Validators’ Agency Problem
Prop 848 to halve ATOM’s max inflation rate has revealed a weakness in how the Cosmos chains are governed. On Cosmos chains, validators can vote with the stake delegated to them and if an individual staker decides to vote differently, their individual vote overrides the vote of the validator. This sounds sensible in theory but in practice it could become problematic. The reason is that validators can exert outsized influence over the network without actually having paid for that influence. It is the stakers who paid for the ATOMs and the validators sometimes use the economic power of the delegated stake against the interest of their stakers. A lot of stakers aren’t involved in the governance of the chain, they are mainly interested in maximizing the staking rewards they get. As such many stakers select big validators who sport low commissions and don’t really keep track of how their validators participate in governance. That lack of interest and participation allows the validators to use their stakers’ voting power to influence voting on chain proposals to benefit their own interest over their stakers’ interest.
In the financial industry, this is a well-known problem called the “Agency Problem”. To become a financial advisor or a broker, a person not only has to pass a test of financial knowledge but also has to commit to acting for the benefit of the client.
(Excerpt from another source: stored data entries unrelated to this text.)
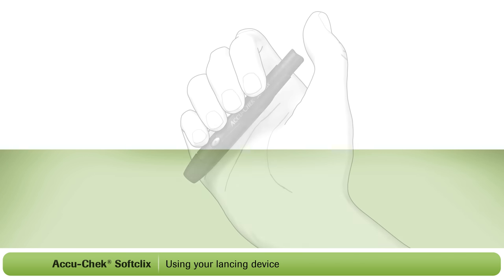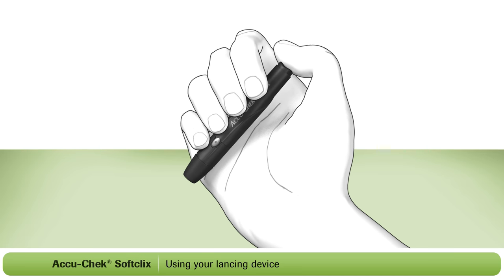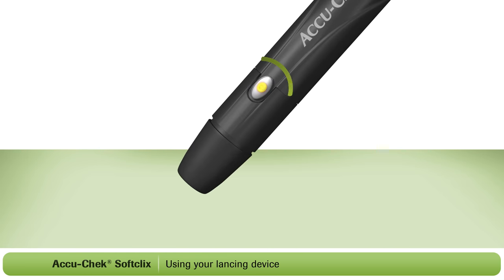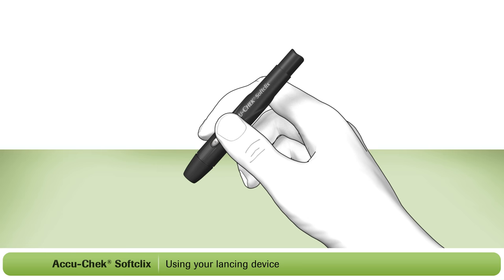To use the lancing device, you first need to prime it. Press the plunger all the way down. The release button on the side of the lancing device has now turned yellow. This indicates that your lancing device is now primed and ready to use. Press the yellow button to release the lancet. This will lance your finger.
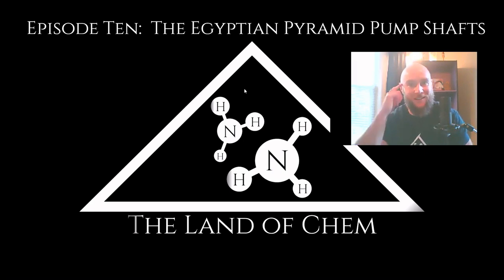Slowly but surely, it seems like this is turning into a legitimate YouTube channel. We have finally reached officially over 100 subscribers here on the Land of Chem YouTube channel. It is the coolest thing and it means absolutely the world to me. So thank you from the bottom of my heart to everyone that has watched these videos, liked the videos, subscribed to the channel.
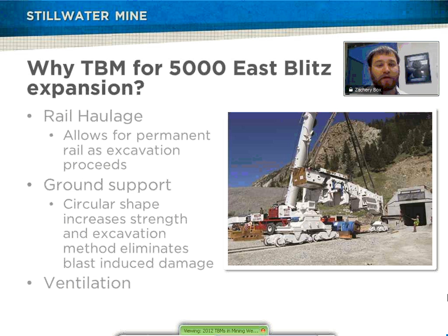Another reason for using the TBM was that it would also include rail haulage installation, because they use rail haulage throughout their entire mine. So they can actually build the rail as the machine excavates — they don't have to worry about managing it separately or blasting. Also, ground support was going to require less overall because of the circular shape, the increased integrity, and less overbreak and rock damage due to blasting. Ventilation is also a key point: a round, smooth profile needs less ventilation overall, so they were able to calculate ventilation requirements and realize they're going to need less ventilation and provide the best air quality for the best cost.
This is called fulfilling your “fiduciary duty”. When a person gives his money to another person to manage (his financial agent), it is not clear that the agent will act in the best interest of the client. The agent could very well act in his own best interest. For example, a broker can recommend frequent trades to a client in order to generate higher commissions to himself. Trading frequently usually results in bigger losses than usual because of the trading commissions. As such the broker is giving advice that benefits him at the expense of the client. For that reason, financial industry regulatory bodies require that financial agents commit to a Code of Ethics in order to make decisions that will benefit their clients.
On the Cosmos chains, the validators are governance agents. They can vote instead of their stakers. Yet they have no such Code of Ethics and they are not required to vote on governance proposals for the financial benefit of their stakers. Whether some proposal is for or against the benefit of stakers can be difficult to determine and that would be too much regulation over the validators.
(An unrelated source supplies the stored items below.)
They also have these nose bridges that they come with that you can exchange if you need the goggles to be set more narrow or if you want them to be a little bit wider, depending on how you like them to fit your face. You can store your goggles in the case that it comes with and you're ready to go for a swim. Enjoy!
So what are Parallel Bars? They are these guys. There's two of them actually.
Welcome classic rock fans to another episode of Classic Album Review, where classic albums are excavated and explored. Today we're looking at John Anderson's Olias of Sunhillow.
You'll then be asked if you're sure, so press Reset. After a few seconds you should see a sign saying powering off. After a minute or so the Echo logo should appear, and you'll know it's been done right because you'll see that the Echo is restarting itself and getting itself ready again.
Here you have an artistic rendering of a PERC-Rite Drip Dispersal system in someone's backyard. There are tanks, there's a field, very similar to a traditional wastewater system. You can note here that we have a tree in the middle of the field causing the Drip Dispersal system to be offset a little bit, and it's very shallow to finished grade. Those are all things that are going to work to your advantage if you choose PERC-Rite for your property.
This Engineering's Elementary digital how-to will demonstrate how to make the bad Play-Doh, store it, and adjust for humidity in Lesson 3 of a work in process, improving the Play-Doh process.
4 days into Prop 848 we have a clear cut case where some big validators are clearly voting against the wishes/interest of the stakers and small validators.
42 validators have voted YES on this proposal and only 15 have voted against NO, yet 2 of the validators that voted NO (Allnodes and Dokia Capital) are so big that they are overriding all the other validators that voted YES. Percentage wise here we have 73% of the validators voting YES and their vote is being overridden by just 2 very large professional validators. 73% is well over what is considered a “super majority” decision (2/3rds).
The situation is even more lopsided where individual accounts have voted. There 72K accounts have voted YES vs 4K that have voted NO. 94% of accounts have voted YES.
Yet, the NO vote is currently winning.
I would say that this is not a governance system that is working well because validators are misusing voting power for which they never paid. I want to suggest a different way to perform voting that will minimize the misuse of the voting power of passive (non-voting) stakers by validators.
Quadratic Voting for Passive Stakers
I suggest using quadratic voting only for passive stakers.
- For the self-bonded validator stake, the validator will get 1 vote for each of his ATOMs.
- Each staker who votes will also get 1 vote each of his ATOMs.
- For passive stakers though, the validators will get a smaller amount of votes according to this simple rule: in each passive staker account, the amount of votes will be equal to the number of ATOMS divided by the amount of digits of the ATOM amount. For example, if a passive staker has 10,400 ATOMs in his account that number will be divided by 5 (the number of digits in 10400) to get 2080 votes for that account.
With this rule, passive stakers voting power is still being used but in much smaller doses. The active stakers who vote in the proposal will get to have more say over the passive stakers. Validators still vote with their financial stake but they don’t get to dominate the active stakers the way they currently do.